**Activity**: Skip every picture, and output exactly the lines starting at the one with "Immunohistochemistry (IHC) staining" and running through the last line of the material below.

**Study material**:
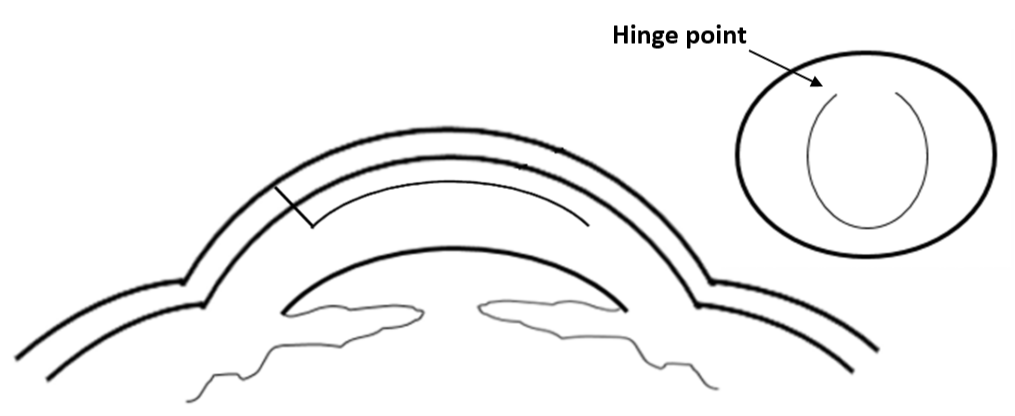 Cornea cross section indicating the hinge point for LASIK surgery. 
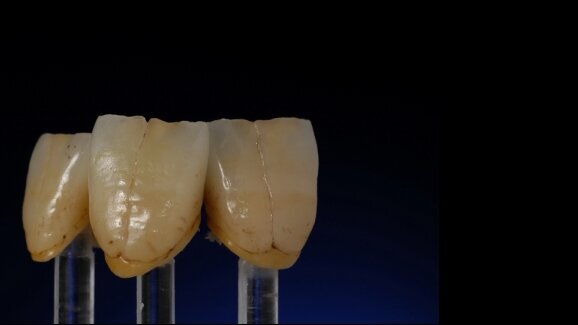 Technologia vs Sztuka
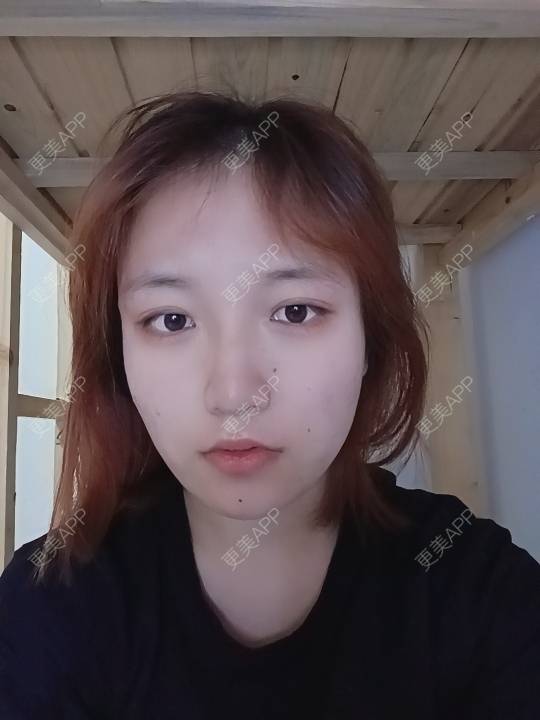 更美 - 更美用户tbs28rKiLZ的玻尿酸卧蚕经验 | 玻尿酸卧蚕 | 杭州
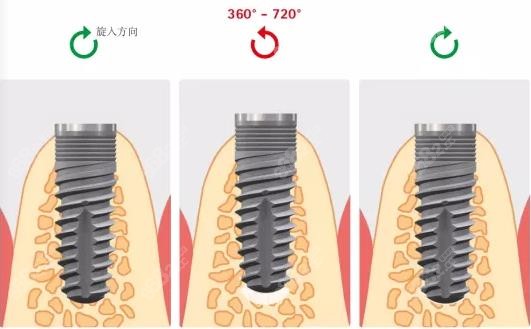 德国sky种植牙的优点——自攻螺旋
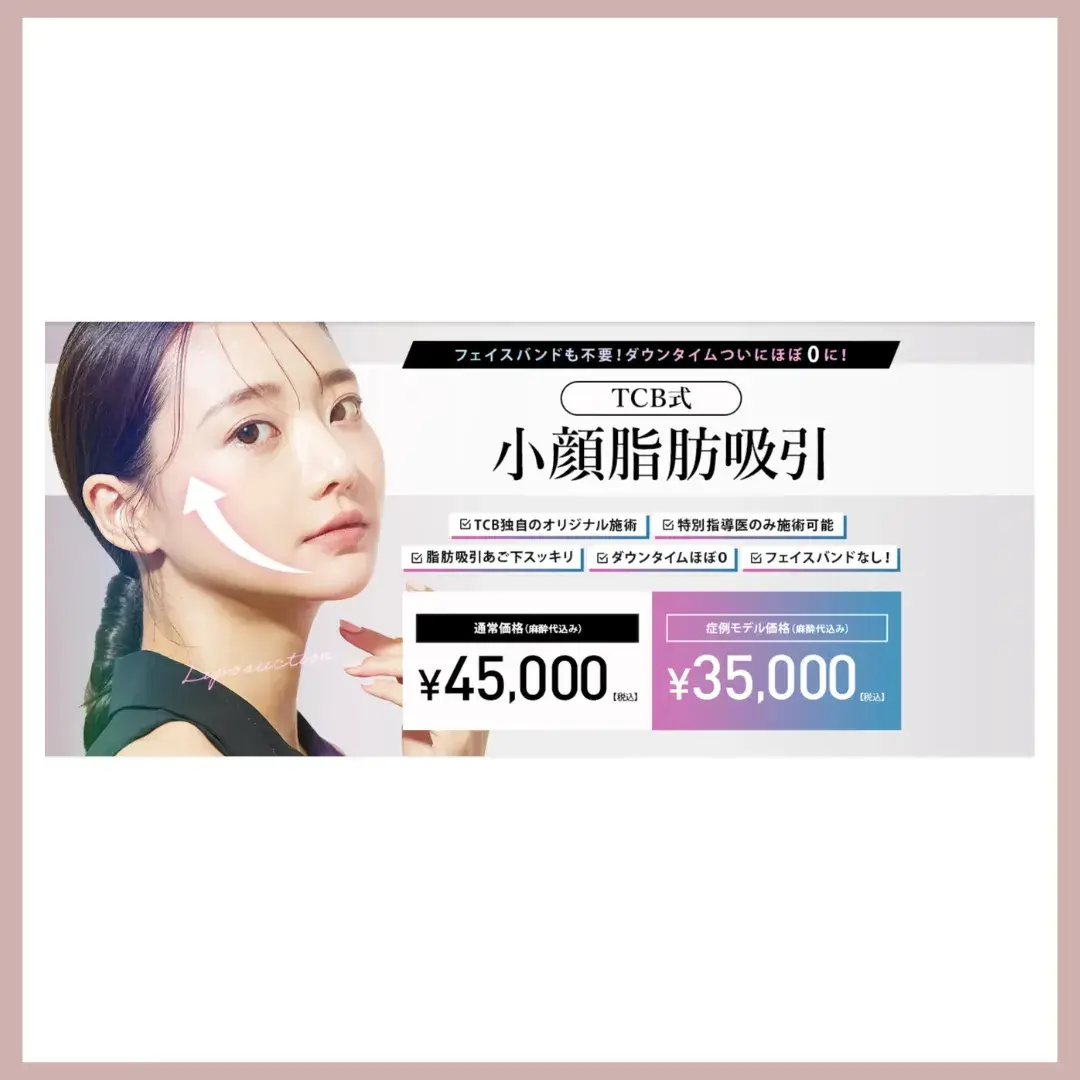 TCB医療ダイエット(小顔脂肪吸引)バナー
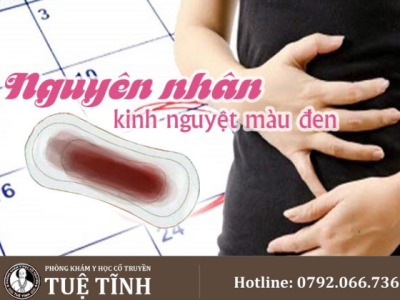 kinh nguyệt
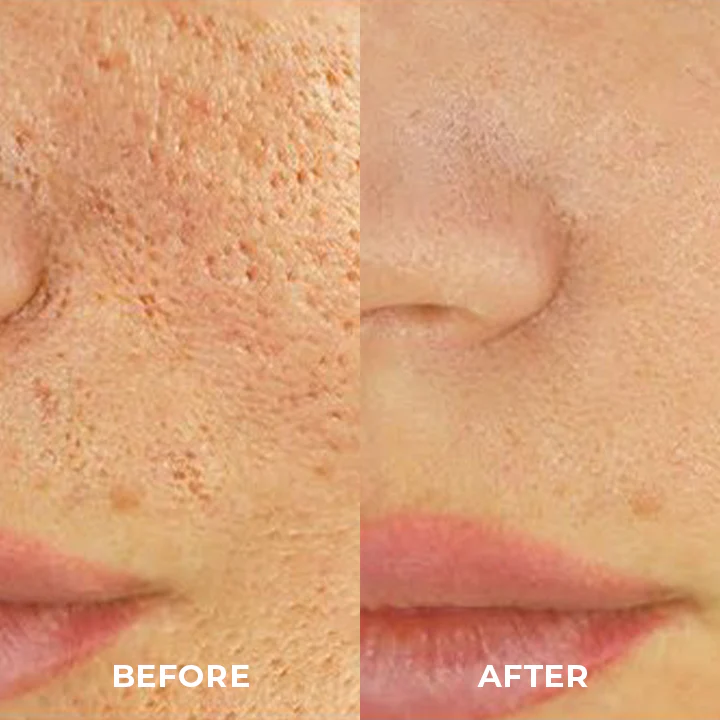 Skinetic™ Single-Packaged Eggplants Mud Mask - Image 7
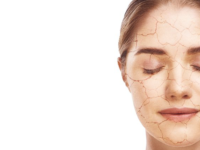 Vier voedingssupplementen werkzaam bij droge huid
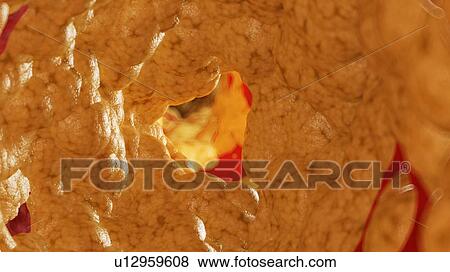 Stock Photo - Illustration of fat inside of an artery.. Fotosearch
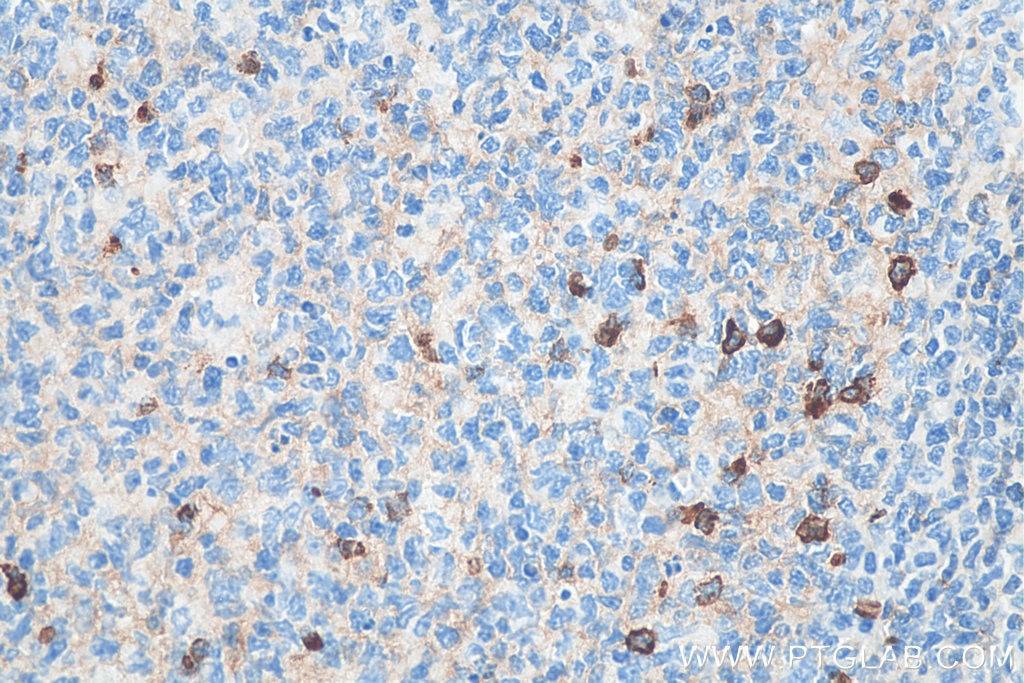 Immunohistochemistry (IHC) staining of human tonsillitis tissue using Biotin-conjugated human IgM Monoclonal antibody (Biotin-66484)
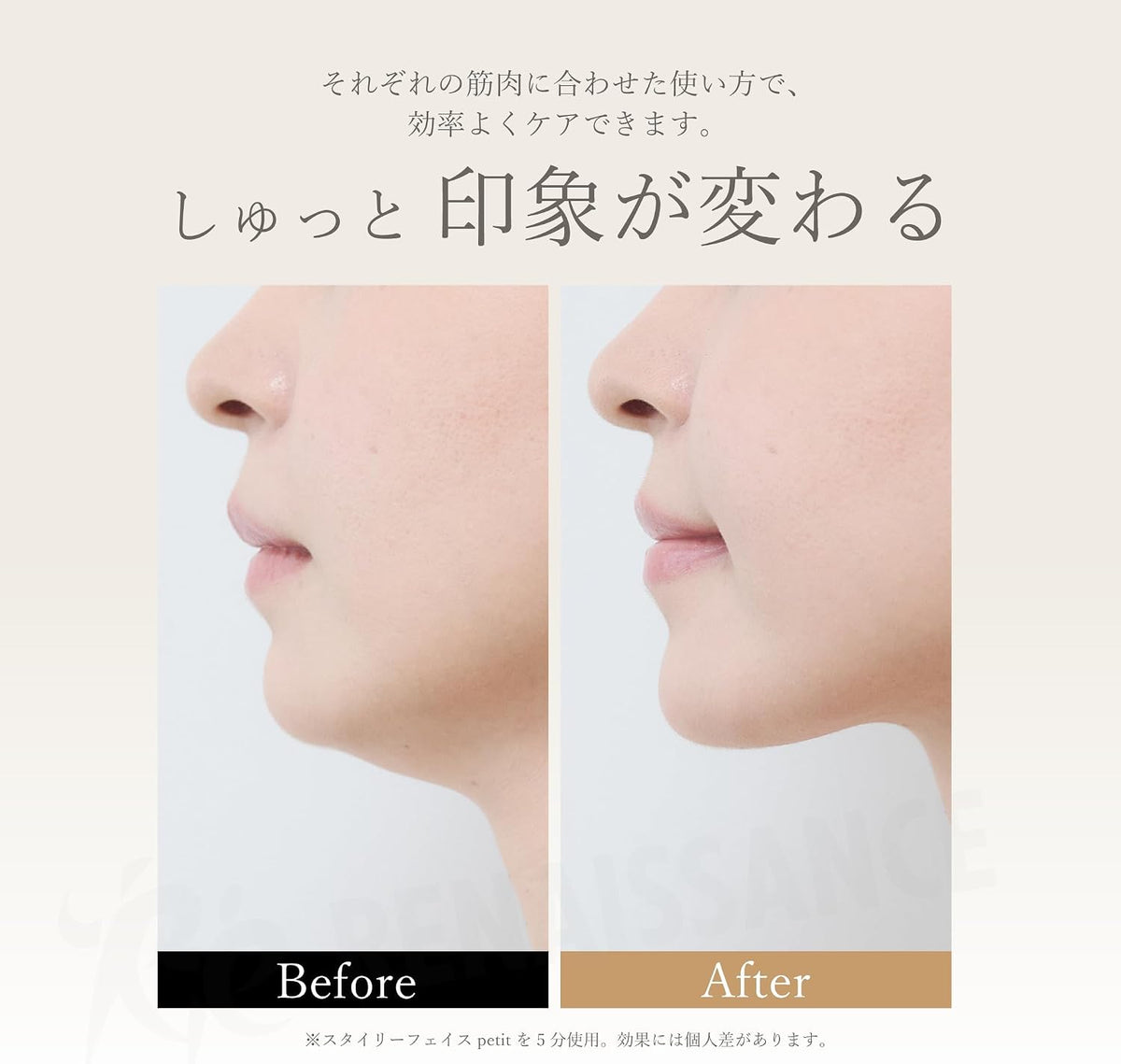 ルネサンス RE 美顔器 petitのレンタル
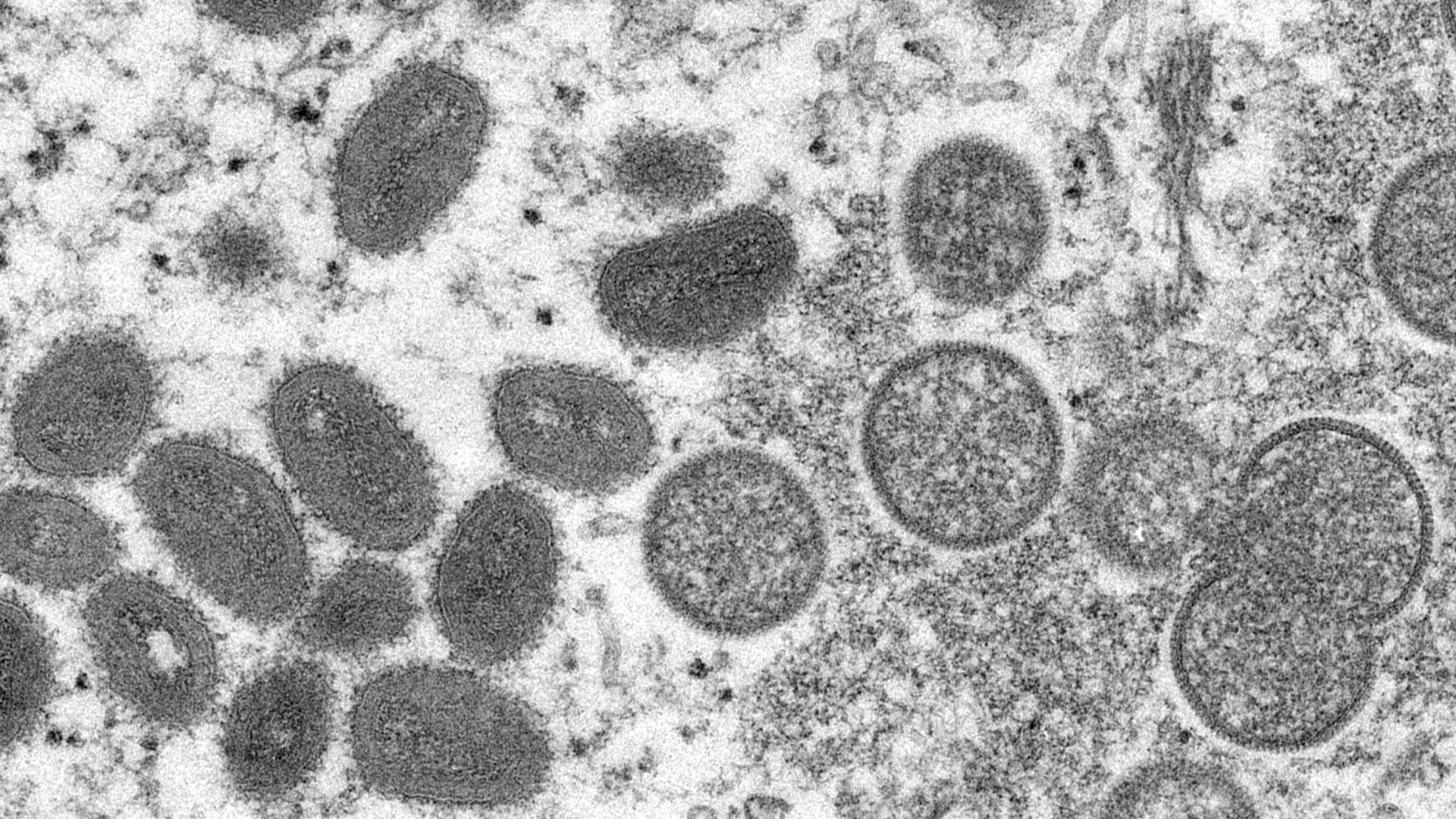 New Jersey health officials probe first probable case of monkeypox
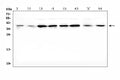 Anti-Dickkopf-related protein 1 DKK1 Antibody Picoband®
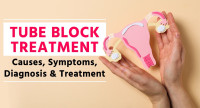 Tube Block Treatment | Blockage of Fallopian Tubes Treatment | Fallopian Tube Blockage Symptoms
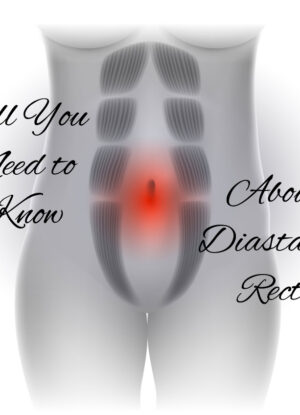 Diastasis-Recti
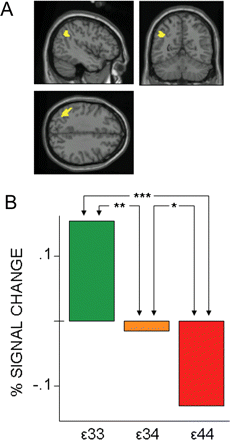 Dose-dependency of the APOE ε4 in the activation pattern: subgroup (n = 10) comparison of left parietal response. (A) The anatomical search was constrained by means of a functional ROI derived from the group contrast (Fig. 1C). (B) The dose of APOE ε4 predicted the failure to recruit the left parietal region (BA 39), (x = −44, y = −56, z = 36). In bar graph, *P < 0.1; **P < 0.05; ***P < 0.01 (one-tailed).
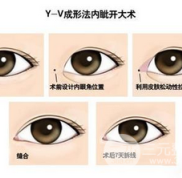 沈陽(yáng)軍區(qū)總醫(yī)院醫(yī)院整形科怎么樣價(jià)格表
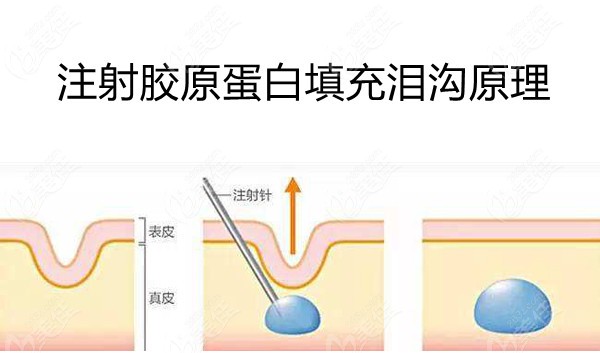 泪沟填充胶原蛋白的手术原理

**Response to this exercise**:
 Immunohistochemistry (IHC) staining of human tonsillitis tissue using Biotin-conjugated human IgM Monoclonal antibody (Biotin-66484)
 ルネサンス RE 美顔器 petitのレンタル
 New Jersey health officials probe first probable case of monkeypox
 Anti-Dickkopf-related protein 1 DKK1 Antibody Picoband®
 Tube Block Treatment | Blockage of Fallopian Tubes Treatment | Fallopian Tube Blockage Symptoms
 Diastasis-Recti
 Dose-dependency of the APOE ε4 in the activation pattern: subgroup (n = 10) comparison of left parietal response. (A) The anatomical search was constrained by means of a functional ROI derived from the group contrast (Fig. 1C). (B) The dose of APOE ε4 predicted the failure to recruit the left parietal region (BA 39), (x = −44, y = −56, z = 36). In bar graph, *P < 0.1; **P < 0.05; ***P < 0.01 (one-tailed).
 沈陽(yáng)軍區(qū)總醫(yī)院醫(yī)院整形科怎么樣價(jià)格表
 泪沟填充胶原蛋白的手术原理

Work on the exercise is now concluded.